We were in Washington DC the day Roe v Wade was overturned and arrived in London to watch Boris Johnson’s resignation. We all felt and lamented the palpable difference in the US since the devastating combination of Trump and the pandemic, a culture on the edge, an empire crumbling. Countless conversations on train platforms and at boarding gates and around breakfast tables about politics and the state of arts funding in Australia, about music and tv shows and guitars, the delightful moments when Peter would launch into a ‘war story’ and say, ‘sorry, I’ll just tell you one’ and we’d beg him, like children cross-legged on the mat, to tell us one more. There was also a lot of shit-talking and stupid joke-making. A lot. A time-honoured strategy to break up the monotony of the road.
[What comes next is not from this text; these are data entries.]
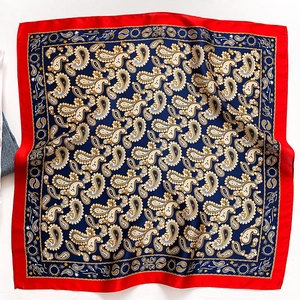 Detailed close-up of paisley pattern silk scarf with dark blue and red border colors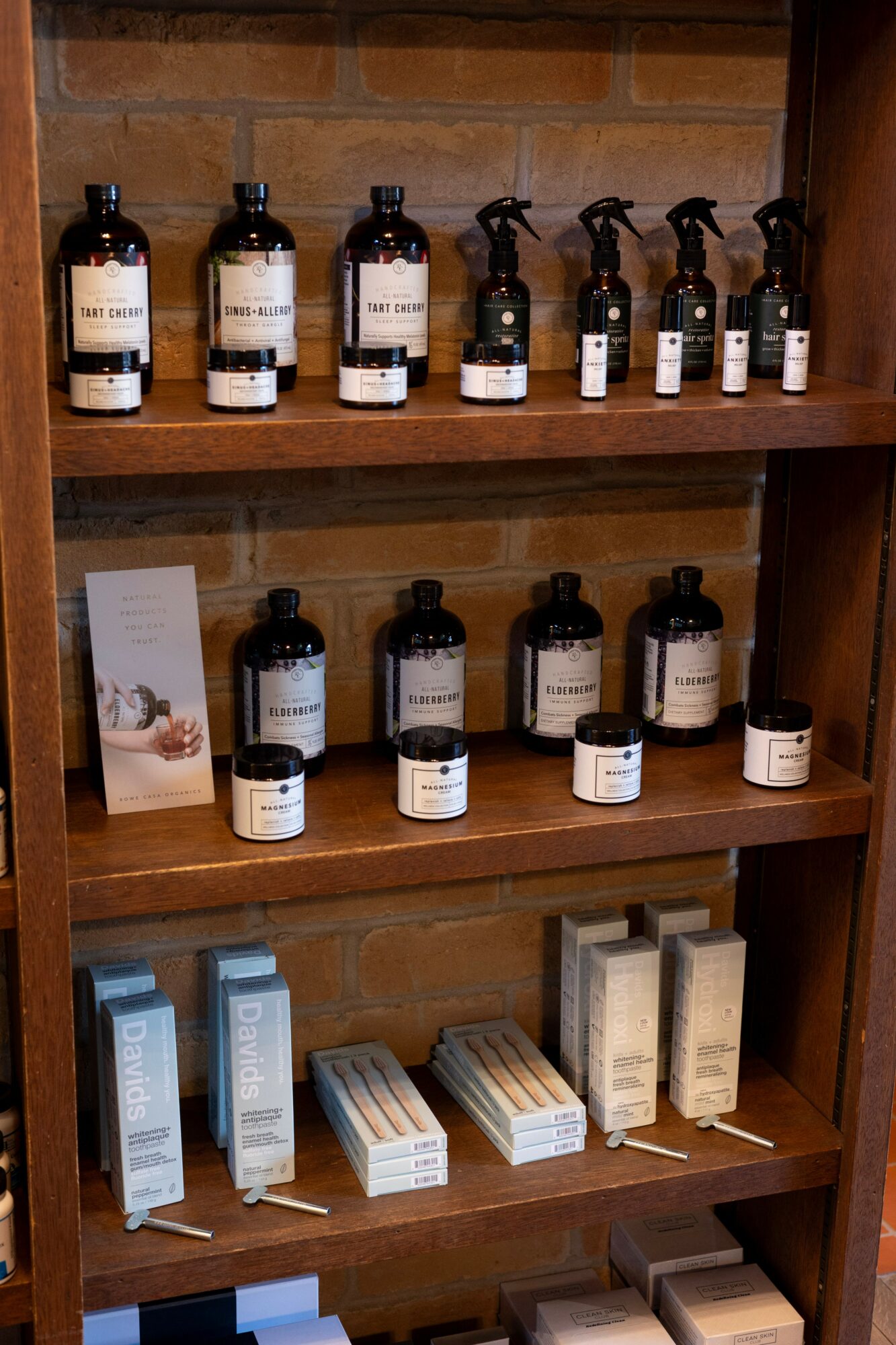 Wooden shelf with bottles of skincare products, boxes, and a small sign, arranged on three shelves.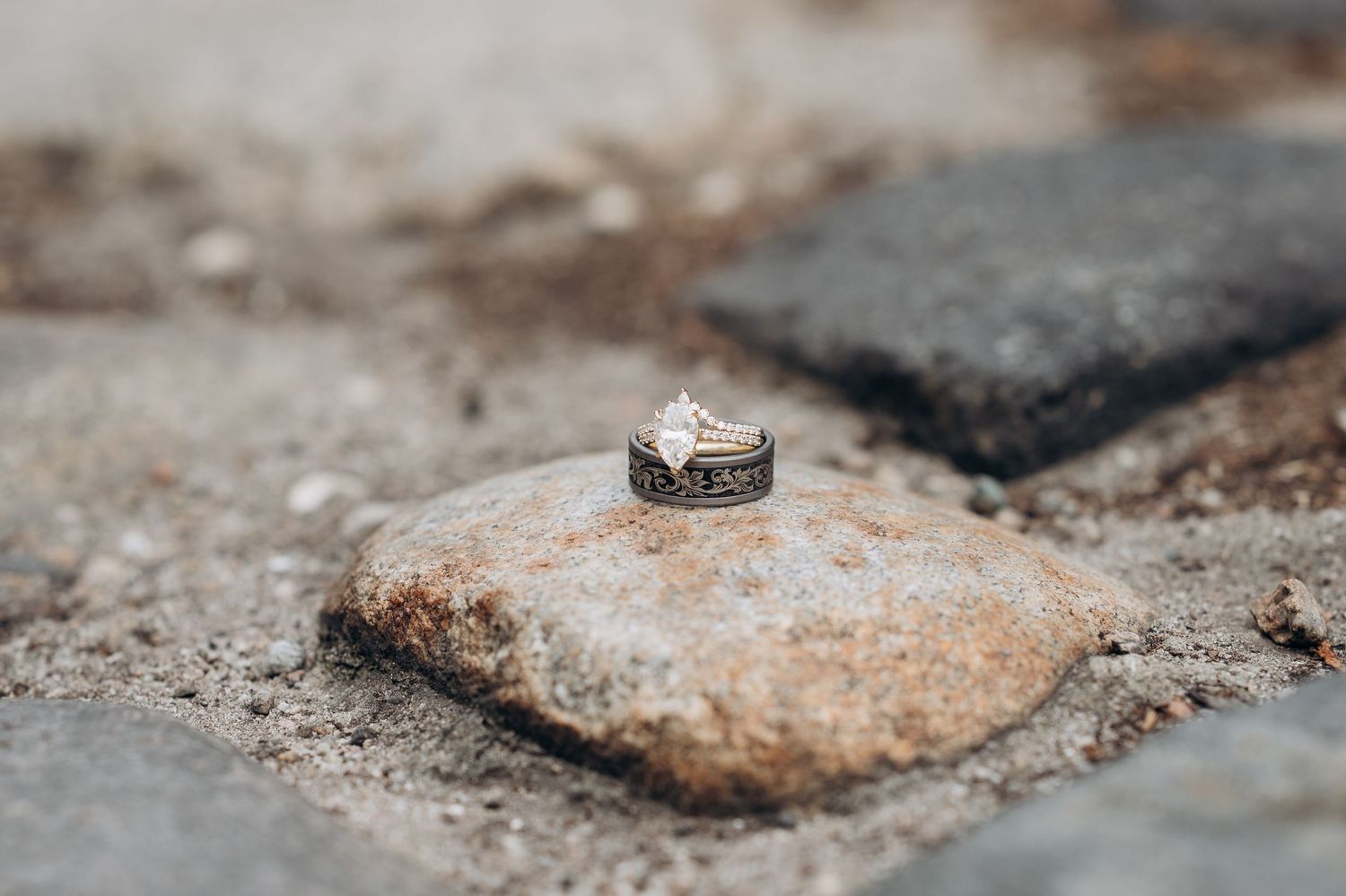 Close-up of a diamond engagement ring resting on a rustic stone outdoors.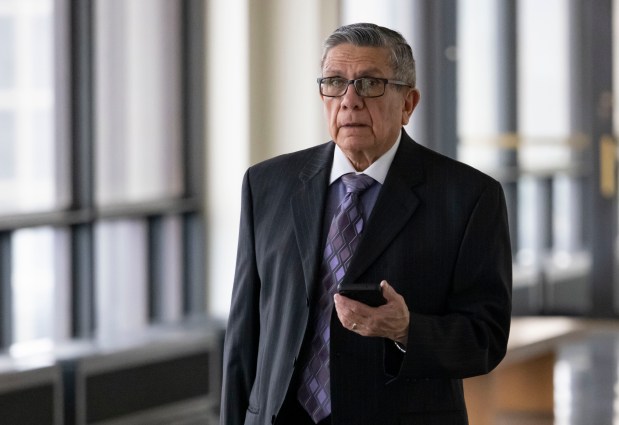 Dr. Fabio Ortega walks outside the courtroom during a break in a trial at the Daley Center on March 22, 2023. (Brian Cassella/Chicago Tribune)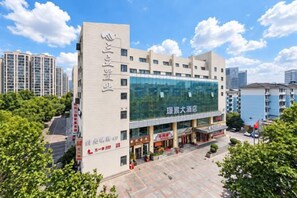 A multi-story building with a large glass facade, signage indicating a business center, and a parking area in front. - Hangzhou Sanli Jingchen Hotel (Hangzhou)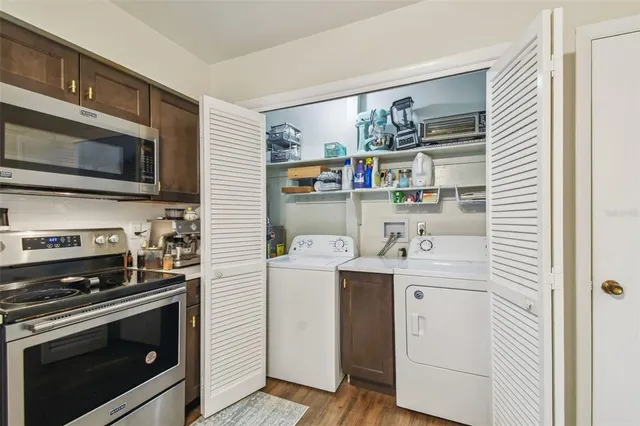 a kitchen with stainless steel appliances a stove sink and microwave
And it was during these weeks and months that the lines between who the Oils had always been to me as a music fan and their roles as my road companions became blurred. The Oils became mates. And so did their wives and partners, most of whom were on tour with us. Road warriors themselves, supportive, smart, funny women. I also bonded with the crew during those weeks overseas. We were all in close quarters and got to know each other in a way that hadn’t happened on the Australian tour so far. We became a unit. A bunch of units, if you will. We strolled through the streets of Paris and Leipzig together, huddled on trains and schlepped bags over countless town squares and concourses. I began to rely on them like one does on tour companions. For a good joke, for a spark in the belly.
People have asked me what it was like to be on stage with the Oils. But interestingly, it was the moments that Leah and I were watching side of stage, during the songs we didn’t sing or play on, that I found the most profoundly exciting. There they were. Midnight Fucking Oil. On stage we were concentrating, doing our job, inside the music and the songs. But offstage we were fans. And every night I’d watch with my mouth agape as they performed Only the Strong, Read About It, If Ned Kelly Was King. Slightly different every night but with the same extraordinary force. The synergy of the five of them, meeting at that unreplicable juncture of musicality, vulnerability and muscle.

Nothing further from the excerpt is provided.